**Exercise inputs**

***

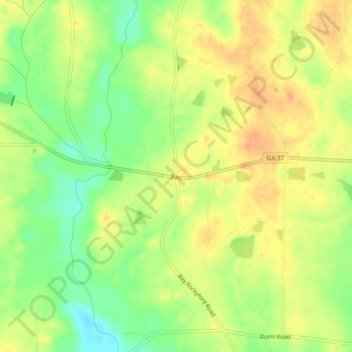 Bay topographic map, elevation, terrain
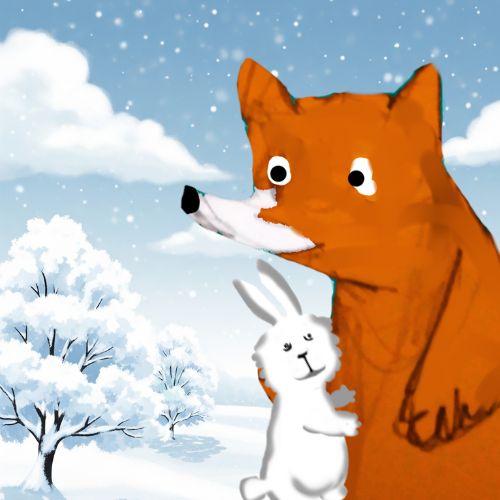 A fox hugging a baby rabbit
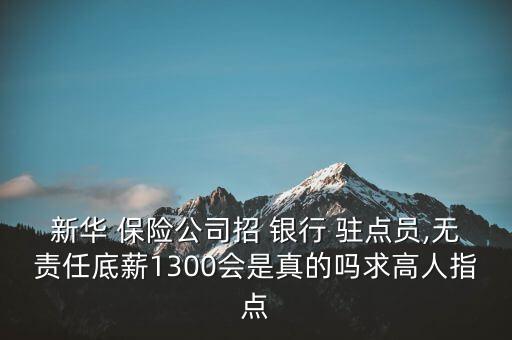 新華 保險公司招 銀行 駐點員,無責(zé)任底薪1300會是真的嗎求高人指點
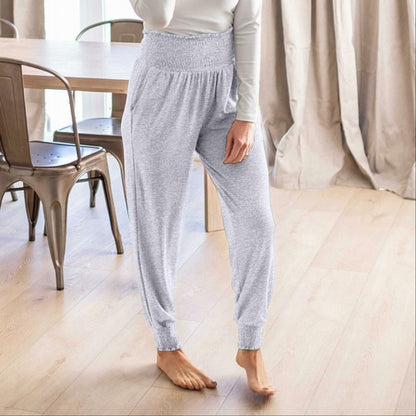 Pantalon de jogging taille haute à smocks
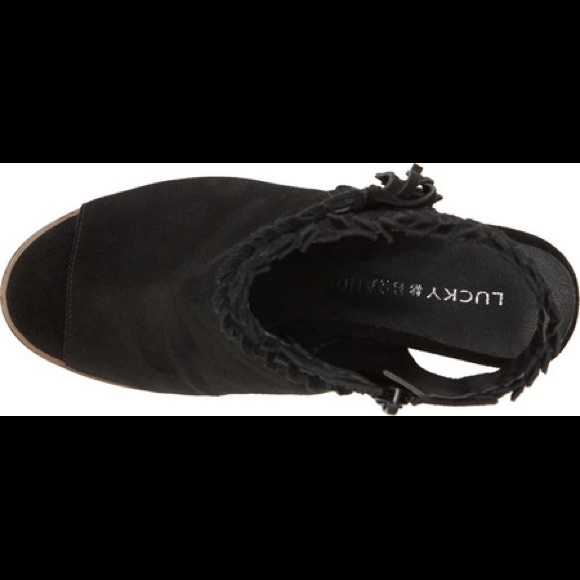 ❤️Lucky Brand ❤️Black suede open toe size 11 shoes - Picture 5 of 5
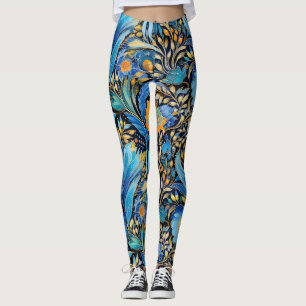 Chinoiserie Exotic Birds Botanical Pattern (3) Leggings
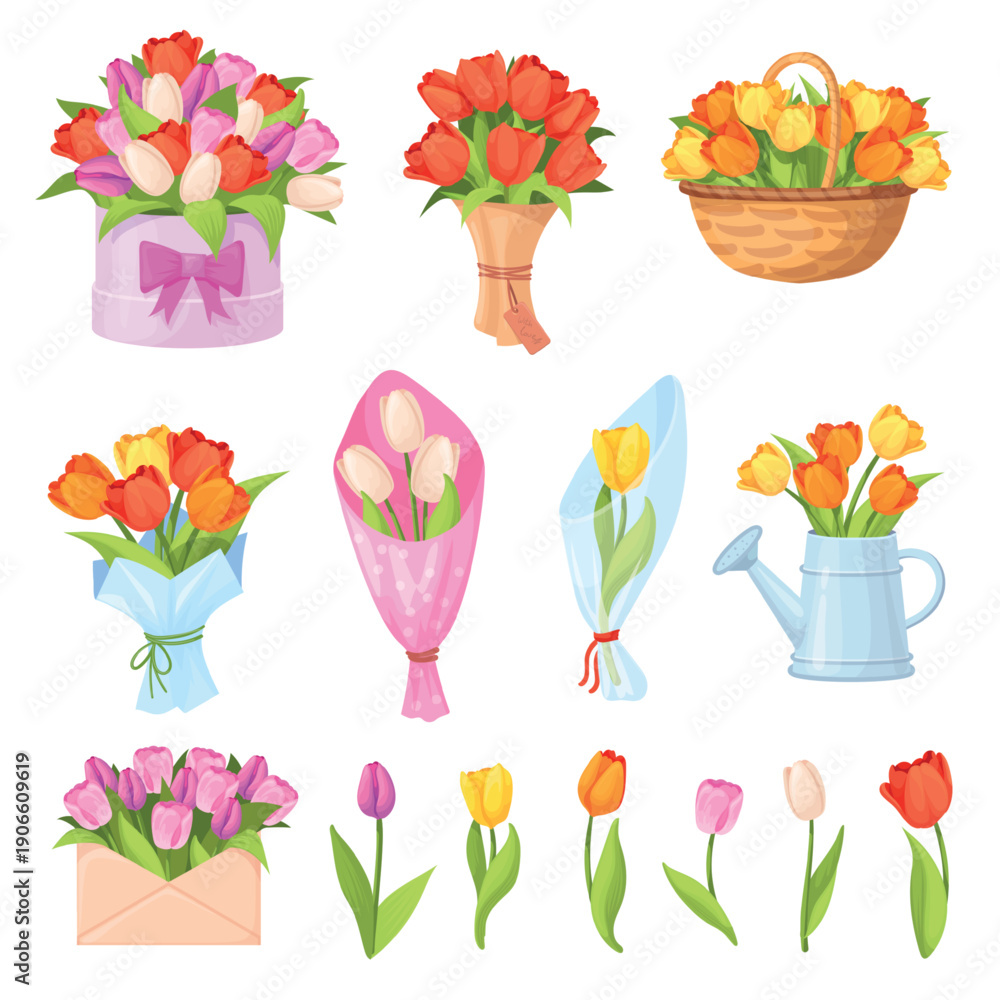 Fototapeta premium Cartoon tulips bunch. Tulip bouquet, field flowers bunches garden wildflowers bouquet wrapping romantic love gift woman day present spring concept, set neat vector illustration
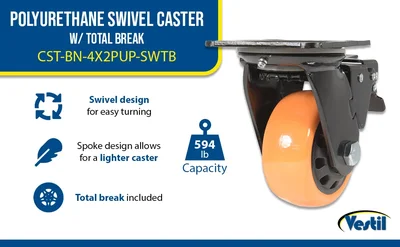 Vestil CST-BN-4X2PUP-SWTB Polyurethane Swivel With Total Brake Caster - product feature image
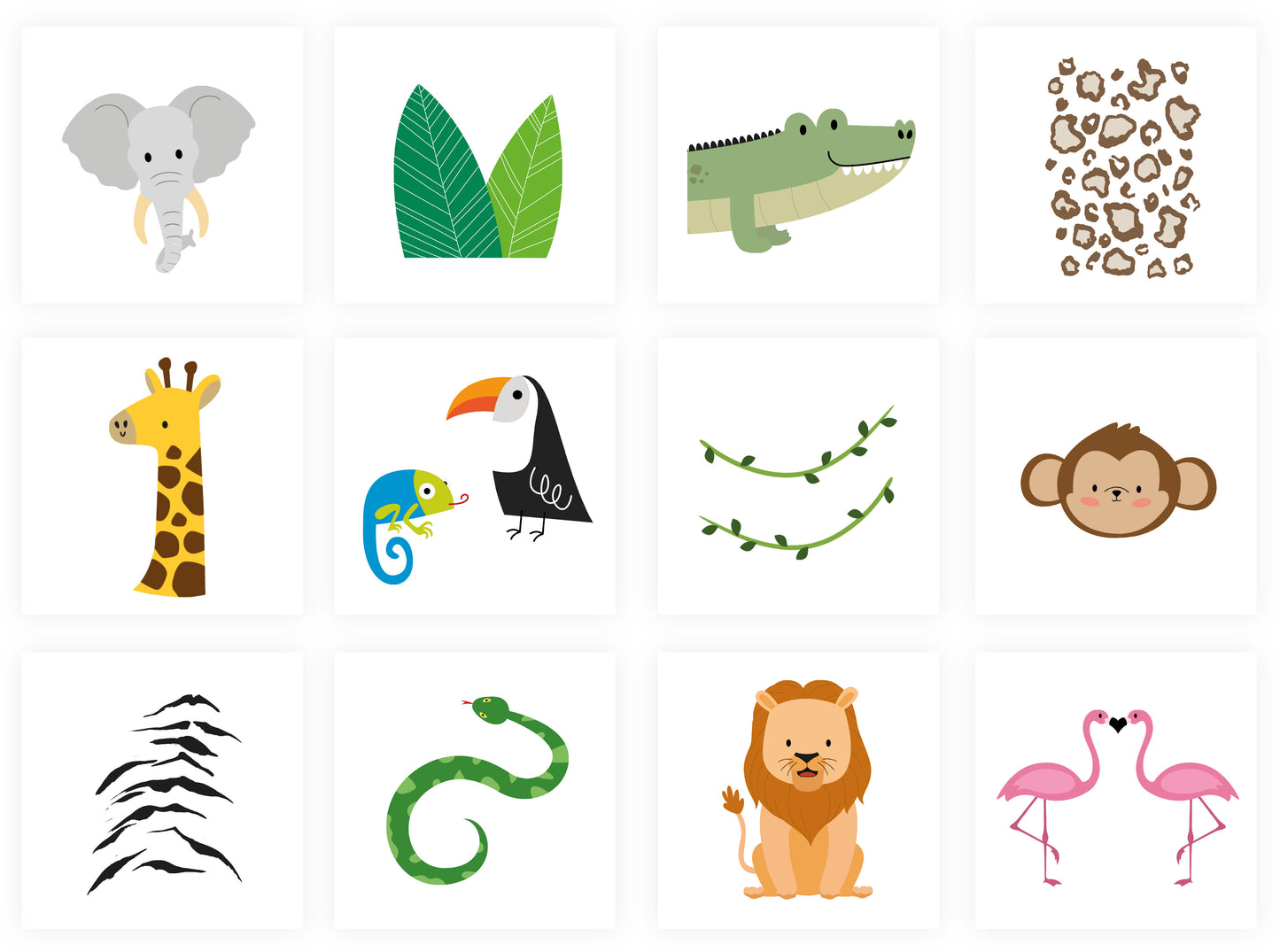 12 Jungle Temporary Tattoos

***

**Problem to solve**
Restate every record exactly, please; do not copy the pictures.

**Response to this exercise**
 Bay topographic map, elevation, terrain
 A fox hugging a baby rabbit
 新華 保險公司招 銀行 駐點員,無責(zé)任底薪1300會是真的嗎求高人指點
 Pantalon de jogging taille haute à smocks
 ❤️Lucky Brand ❤️Black suede open toe size 11 shoes - Picture 5 of 5
 Chinoiserie Exotic Birds Botanical Pattern (3) Leggings
 Fototapeta premium Cartoon tulips bunch. Tulip bouquet, field flowers bunches garden wildflowers bouquet wrapping romantic love gift woman day present spring concept, set neat vector illustration
 Vestil CST-BN-4X2PUP-SWTB Polyurethane Swivel With Total Brake Caster - product feature image
 12 Jungle Temporary Tattoos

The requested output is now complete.